17 mars 1980, le secrétaire général de l’Union des élèves et étudiants du Mali (UNEEM), Abdoul Karim Camara dit Cabral disparaissait dans des conditions non encore élucidées sous le régime dictatorial du général Moussa Traoré. 34 ans se sont écoulés depuis. Des écoles portent le nom de Cabral. Un monument a été érigé en la mémoire de ce jeune héros qui incarnait la lutte pour la liberté et la justice au Mali contre un régime hostile à toute contestation.
Tout comme les circonstances de son assassinat par la soldatesque de Moussa Traoré, le lieu exact de son enterrement restent un mystère.

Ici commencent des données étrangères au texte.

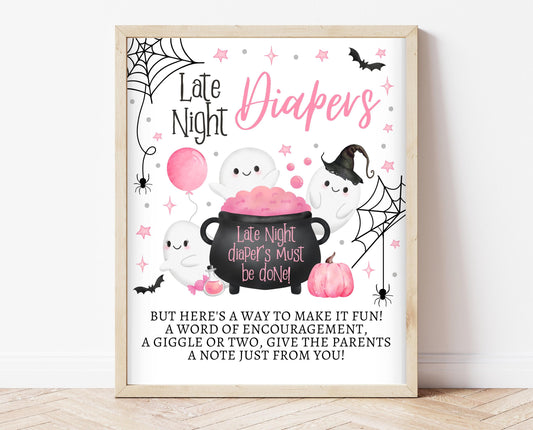 Late Night Diapers Sign Halloween Baby Shower, Pink Halloween Baby Shower, Printable Sign, A Little Boo Is Almost Due Baby Shower, HBSC08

Une sorte de conspiration du silence. En dépit des protestations de ses camarades, Moussa Traoré et ses compagnons n’avaient pas daigné remettre le corps du jeune leader estudiantin à sa famille afin qu’il soit dignement inhumé.
Où est donc enterré Cabral ? Au cimetière de Lafiabougou ? A Gao, à un bout de la piste d’atterrissage, s’interrogeait en 2005 « Le Challenger » ? Aux abords du Camp Para de Djicoroni ? Personne ne peut dire avec exactitude le lieu où le charismatique leader estudiantin repose sauf quelques témoins vivants de ces années de plomb dans l’histoire du Mali indépendant, notamment les généraux Moussa Traoré et Amadou Toumani Touré.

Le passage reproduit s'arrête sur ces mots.